Why I Wanted to Read It: I've mentioned before that up until VERY recently, my literary selections have been a bit limited. This is not crime fiction, so it already had that going for it!
How I Liked It: If you didn't like one book by an author, why on earth would you give another book a try? Is it because you really liked the idea of the story? You saw a great screen adaptation? You kept hearing recommendations? All the usual stuff that would make you pick up a book in the first place?
When I first read Jeffrey Eugenides, it was The Virgin Suicides and I was fairly disappointed. I gave him another try when hearing the vast acclaim for Middlesex and I'm so glad I did because that book is utterly brilliant.
I didn't care for a book of Chevy Stevens's I had read before, but her first book that I only recently read, Still Missing was highly entertaining in a way the other wasn't.
So circumstances depending, I'm usually willing to give an author another chance.
I've read a book by Paula Brackston before, and I wasn't especially impressed, but I wasn't put off enough to ever try again, and I'm glad I did.
The story is actually two stories. In the present, there's Tilda, a quiet artist broken by her husband's recent, sudden death in a car accident and trying to start over in the house where they were supposed to be starting over together. She starts noticing some strange supernatural occurrences, though, and a hero's journey type challenge that will force her to confront previous issues with which she's struggled all her life, including her feelings of alienation due to her albinism and her sometimes strained relationship with her parents.
In the story running concurrent with Tilda's but in the distant past, wise woman Seren (who also has albinism) dallies with the Prince and is carrying his baby, much to the chagrin of his wife, the Princess, and her angry supporters, who already both fear and resent her influence.
The stories come together in Tilda's visions of the past, and also of the archeological dig that's taking place nearby, wherein Tilda acquires some new companions: her widower archeology professor (convenient!) neighbor and his hunky archeologist diver nephew that takes a fancy to her, and with whom she eventually opens up about, well, everything.

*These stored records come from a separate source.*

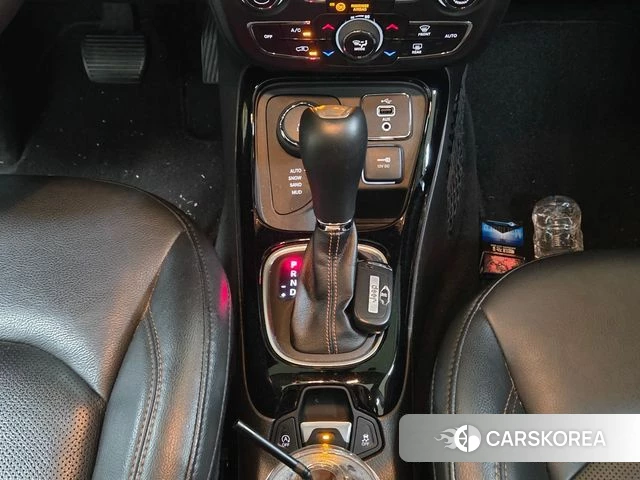 Jeep Compass 2nd Generation 2018 Белый из Кореи, фото 4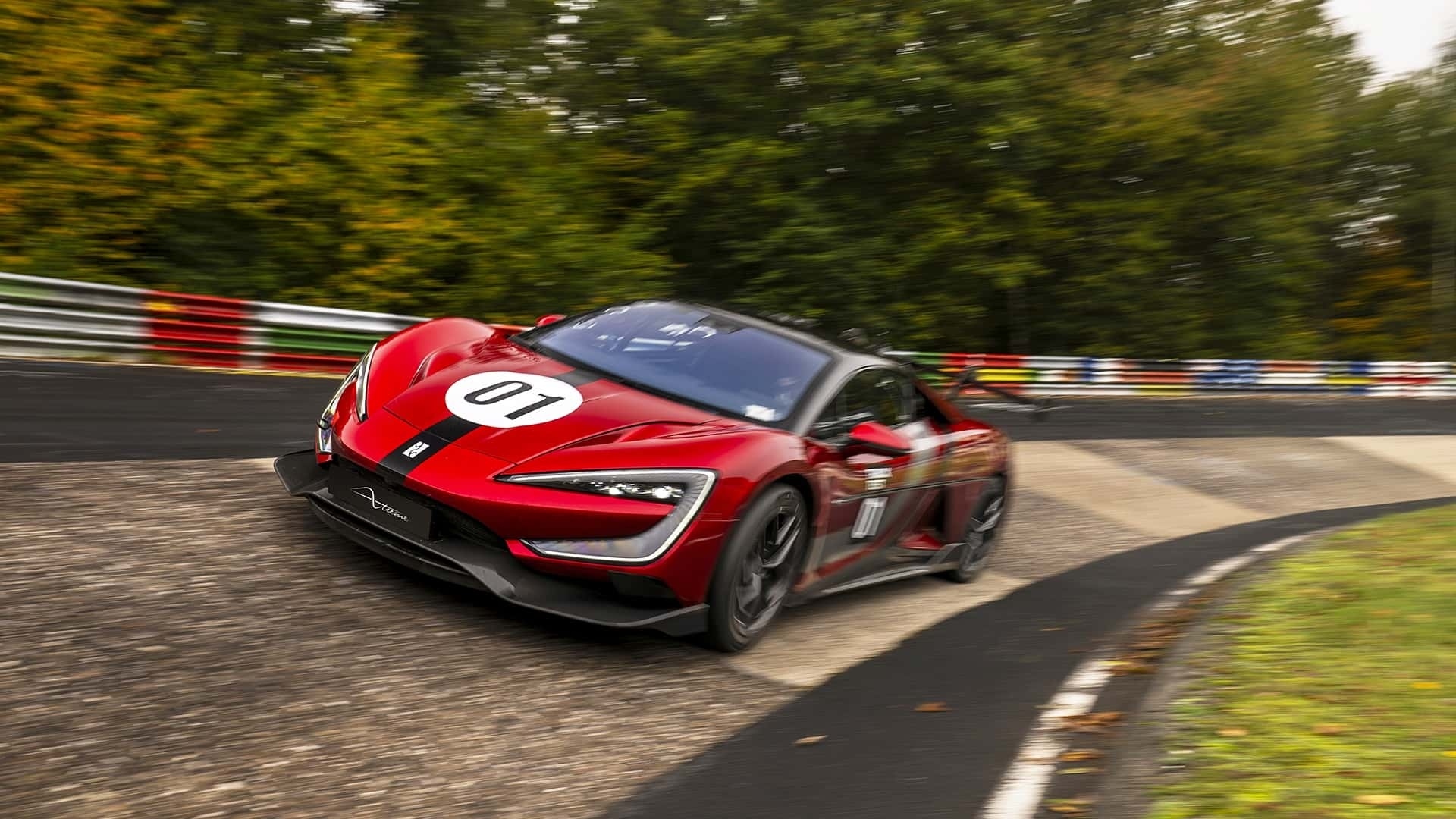 BYD Yangwang-U9-Xtreme-record-nurburgring-2025-auto-elettriche-3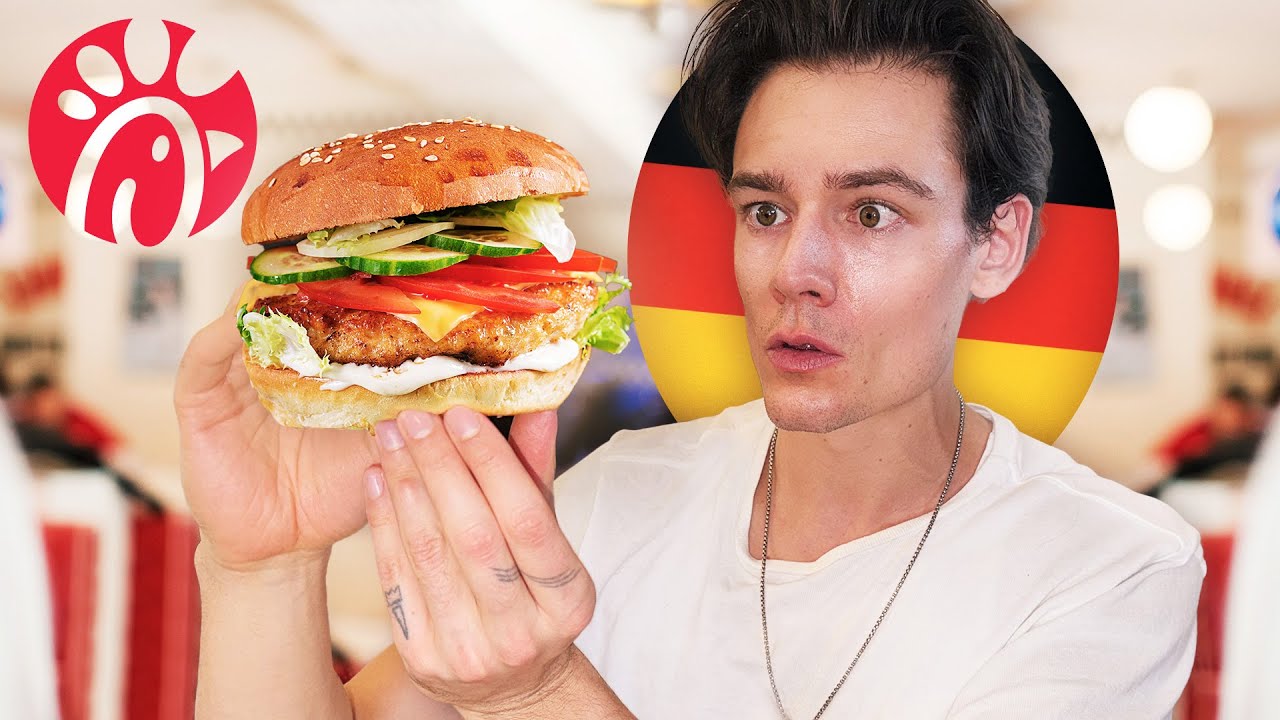 Немец впервые пробует Chick-fil-A!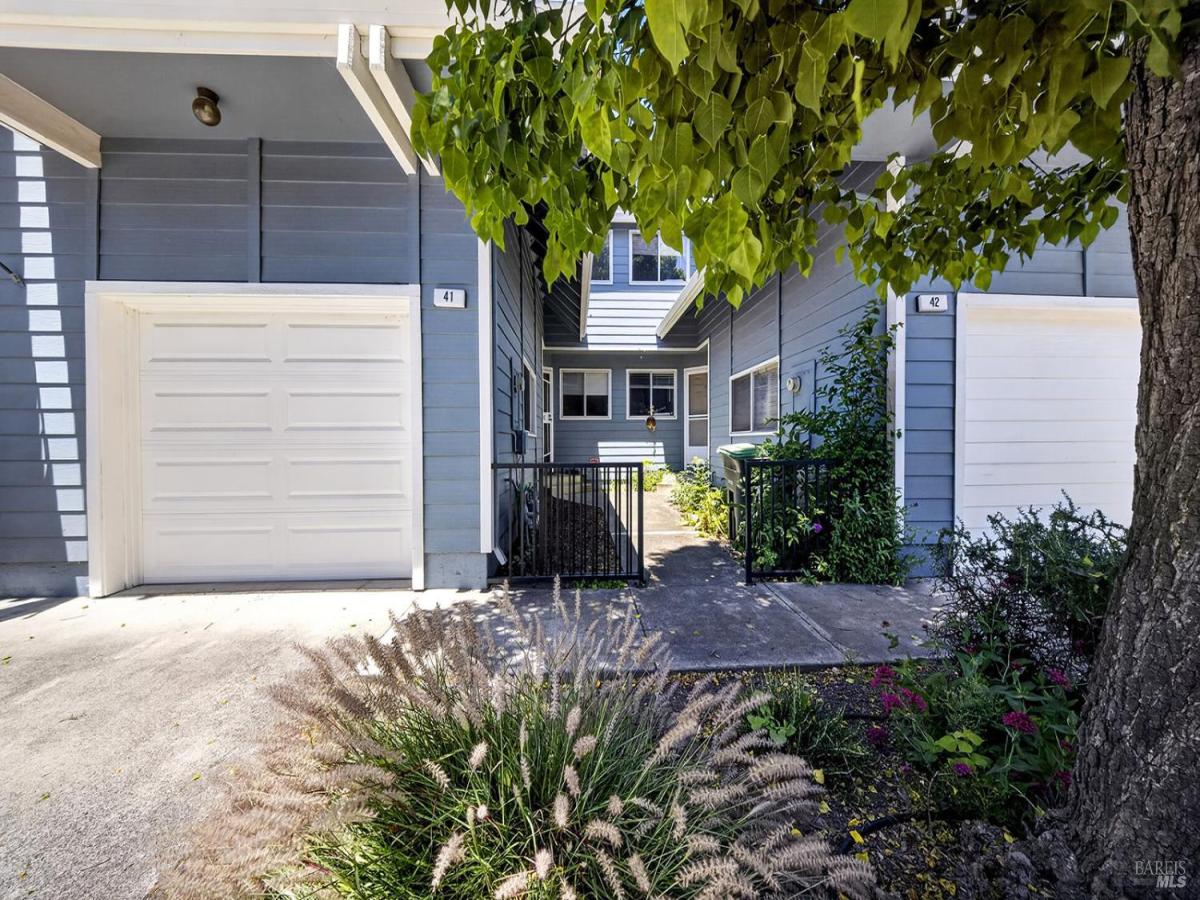MLS #326044755 image #0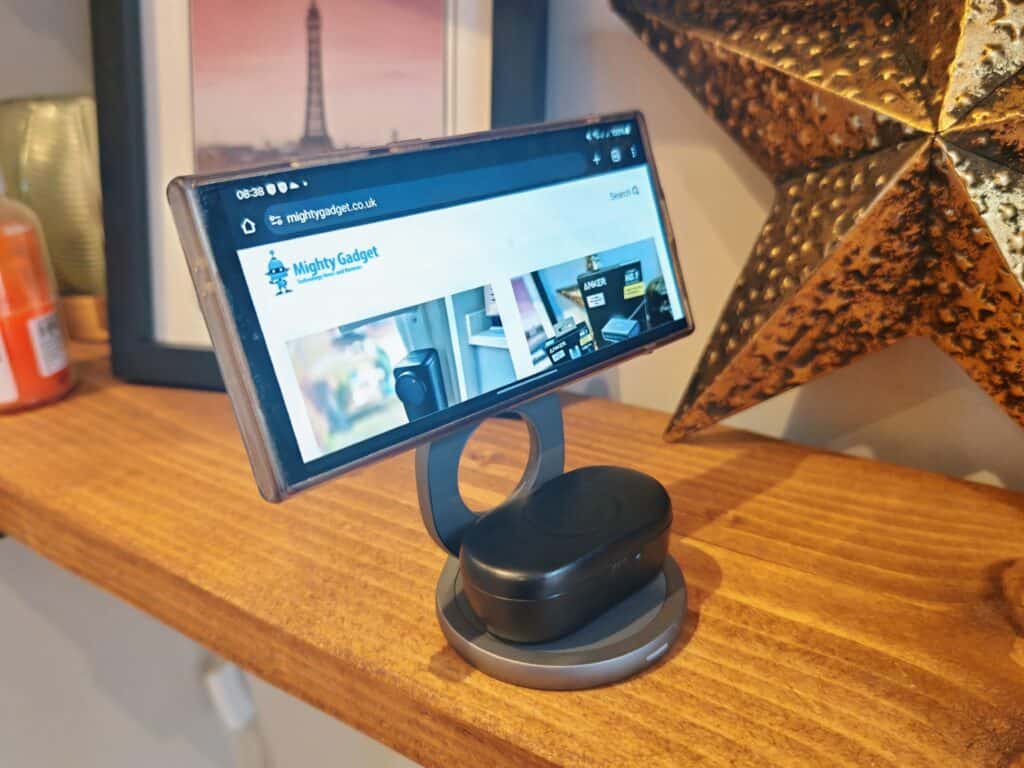 QDOS SnapStand 3 in 1 Wireless Charger Review 1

The mystery of the dig and why Tilda is receiving visions (and accompanying supernatural phenomena) and what exactly happened to Seren are revealed slowly and more or less simultaneously, and when the story ends, we're left with a Tilda that's undergone a positive, realistic transformation and self-actualization as a result of her hero's journey, and also an idea of what happened to Seren (and the fact, as you probably guessed, she's probably an ancestor of Tilda's).
The book has some bumps (a few of the relationships could stand a bit more development) and some of the action could use smoothing, but overall it does a fairly good job of connecting the two stories and the intersecting action. I didn't catch any frustrating modernisms that threw me out of the ancient Celtic period (although there may be some I missed, obviously), although the twists were perhaps more easier to see coming than they could've been.
Brackston also goes hard on some really lovely sensory details in the story. A delicious hot meal, a freezing house made warm by the fire, and frozen landscape all come to life and add a wonderful richness that's one of the book's particular strengths.
All in all, it's a fairly compelling and enjoyable story, and given my disappointment with the earlier Brackston I read, this book lands solidly in the Second Chances are a Good Idea shelf.
Notable: Interesting, and possibly because she's dealing with the Celts and borrowing a bit from history as well as fantasy, the author straight up calls them practitioners of "The Old Religion" a term for Paganism. I've mentioned before that things can get a bit dodgy between fictional witches and actual Witches and it's an interesting choice for Brackston to make that distinction.